Segment Open
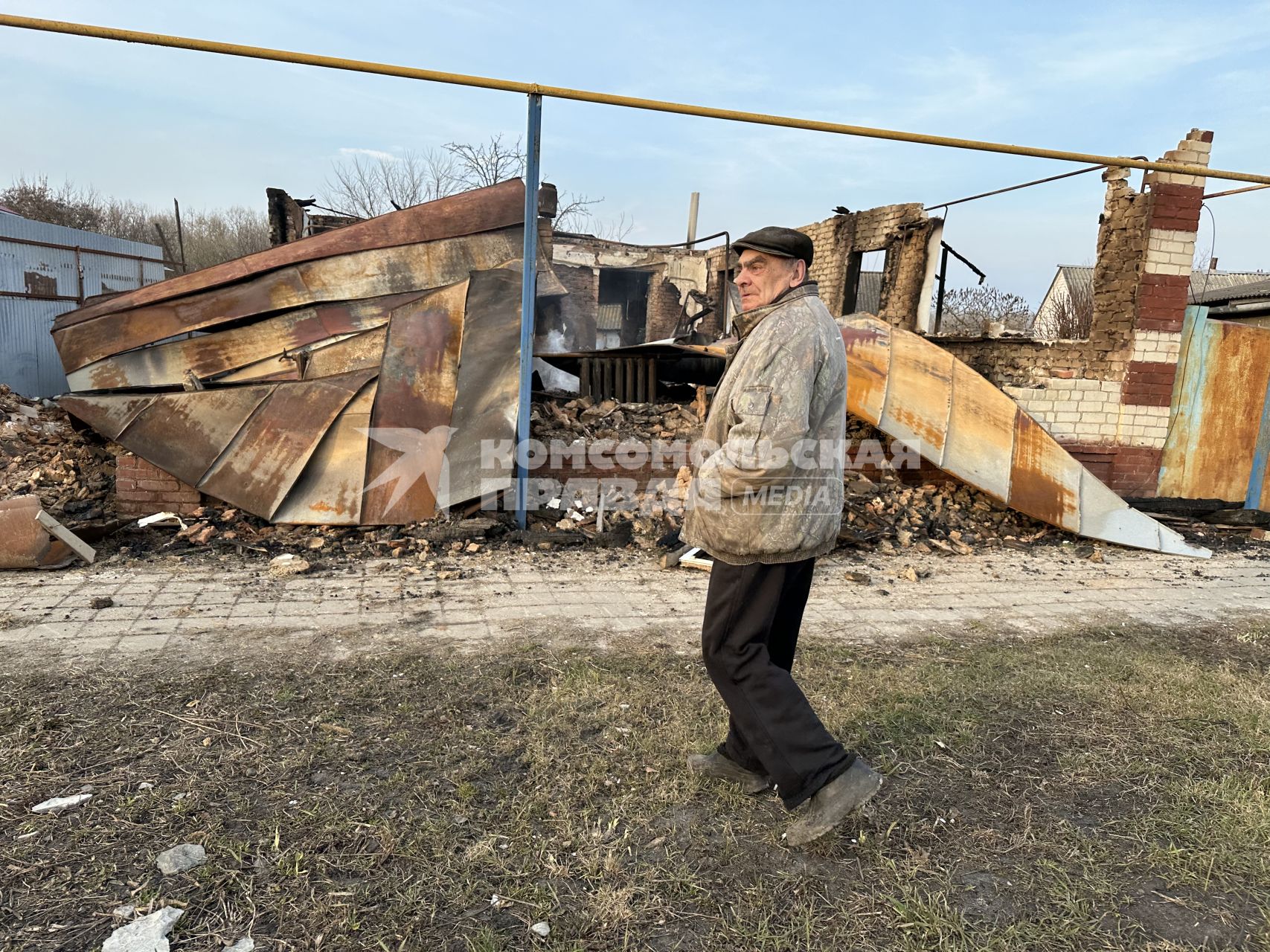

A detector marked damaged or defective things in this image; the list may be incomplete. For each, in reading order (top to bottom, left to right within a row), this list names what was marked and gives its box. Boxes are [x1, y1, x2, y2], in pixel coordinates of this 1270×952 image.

rusty corrugated panel [57, 393, 155, 441]
rusty corrugated panel [116, 385, 275, 487]
rusted metal sheet [117, 385, 275, 487]
rusted metal sheet [67, 294, 416, 390]
rusty corrugated panel [64, 294, 419, 390]
rusted metal sheet [199, 367, 376, 518]
rusty corrugated panel [199, 373, 376, 523]
rusty corrugated panel [51, 181, 525, 332]
rusty corrugated panel [53, 229, 525, 376]
rusted metal sheet [54, 182, 525, 332]
rusted metal sheet [51, 228, 528, 373]
rusty corrugated panel [272, 383, 376, 530]
rusted metal sheet [273, 383, 376, 530]
rusted metal sheet [358, 283, 467, 525]
rusty corrugated panel [360, 283, 469, 525]
rusted metal sheet [434, 268, 518, 510]
rusty corrugated panel [439, 265, 523, 510]
rusted metal sheet [838, 317, 1204, 556]
rusty corrugated panel [843, 318, 1209, 558]
rusted metal sheet [1158, 311, 1270, 507]
rusty corrugated panel [1158, 311, 1270, 507]
rusted metal sheet [0, 495, 75, 571]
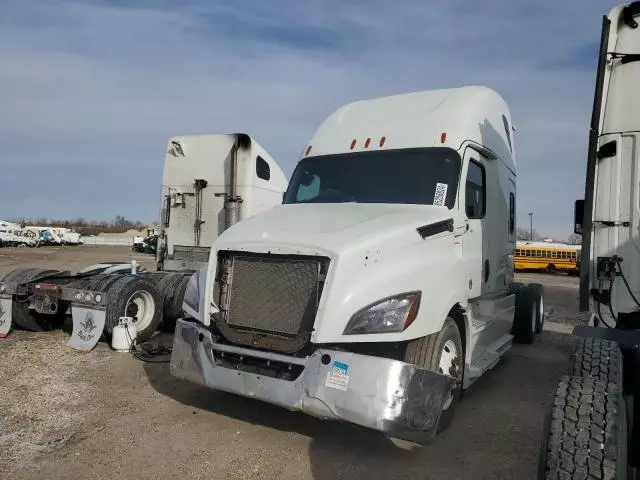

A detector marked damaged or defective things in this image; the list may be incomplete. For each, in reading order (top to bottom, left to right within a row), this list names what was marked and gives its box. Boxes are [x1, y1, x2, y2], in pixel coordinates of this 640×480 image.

damaged front bumper [170, 318, 456, 442]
Segment Closed
→ EXERCISE DIRECTIONS
Every line from the one containing "this 640×480 image." through the last line of the entries above must be output exactly. Leave the rest out.

→ REPLY TO THE TASK
A detector marked damaged or defective things in this image; the list may be incomplete. For each, in reading order (top to bottom, left to right within a row), this list names what was marked and gives its box. Boxes are [x1, y1, x2, y2], in pixel coordinates of this 640×480 image.

damaged front bumper [170, 318, 456, 442]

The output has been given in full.